> _Exercise directions_
This calls for a word-for-word copy of all the data, with each picture removed.

> _Data excerpt_
○ ○ ○ ○ ○ ○ ○

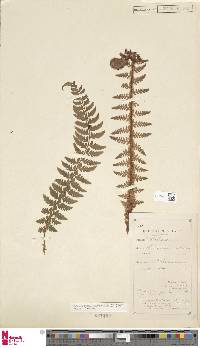 Polystichum aculeatum image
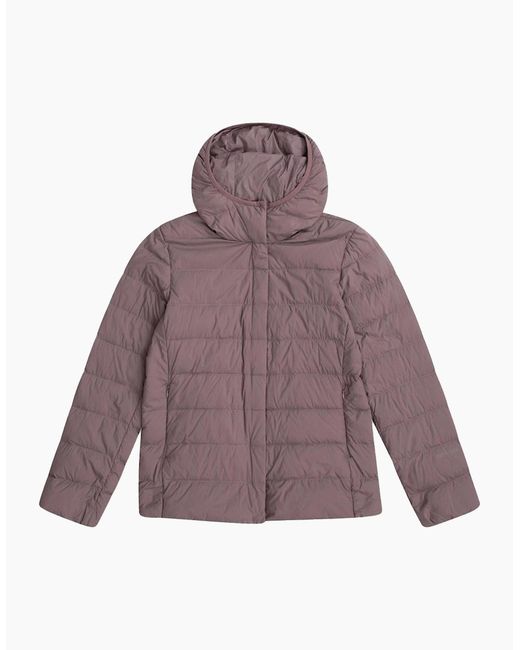 Mountain Warehouse Purple Ladies Lightweight Packable Jacket
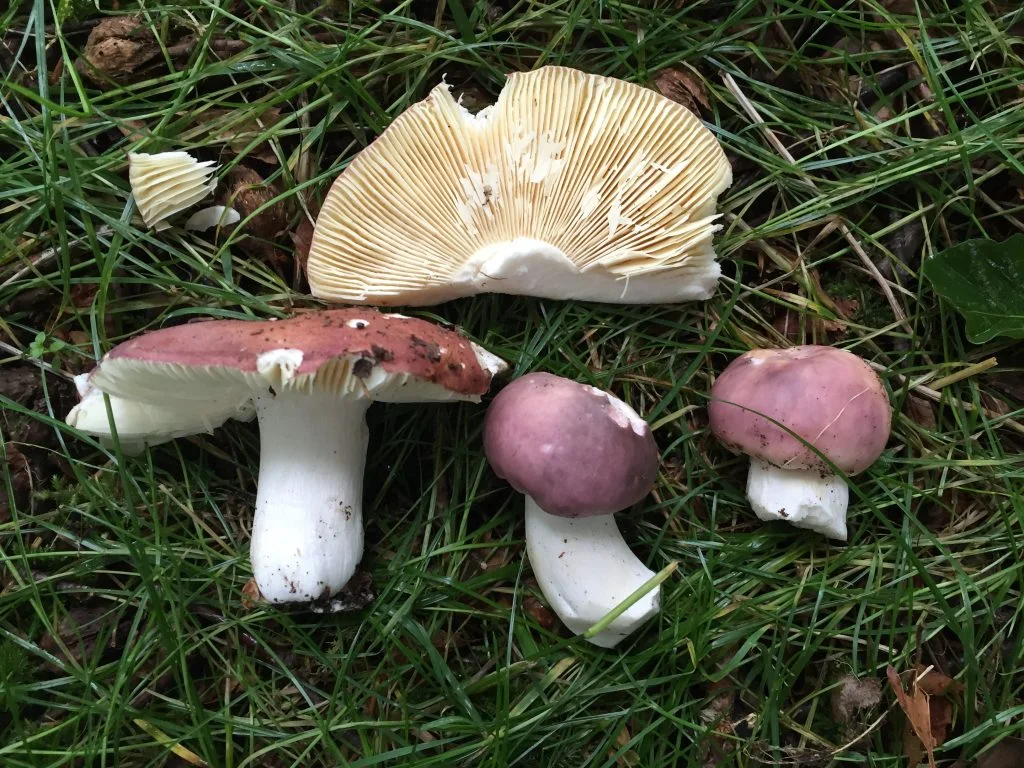Russula real sample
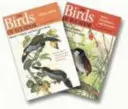 The Birds of Ecuador: Kétkötetes sorozat - The Birds of Ecuador: Two-Volume Set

○ ○ ○ ○ ○ ○ ○

> _Result for this task_
 Polystichum aculeatum image
 Mountain Warehouse Purple Ladies Lightweight Packable Jacket
Russula real sample
 The Birds of Ecuador: Kétkötetes sorozat - The Birds of Ecuador: Two-Volume Set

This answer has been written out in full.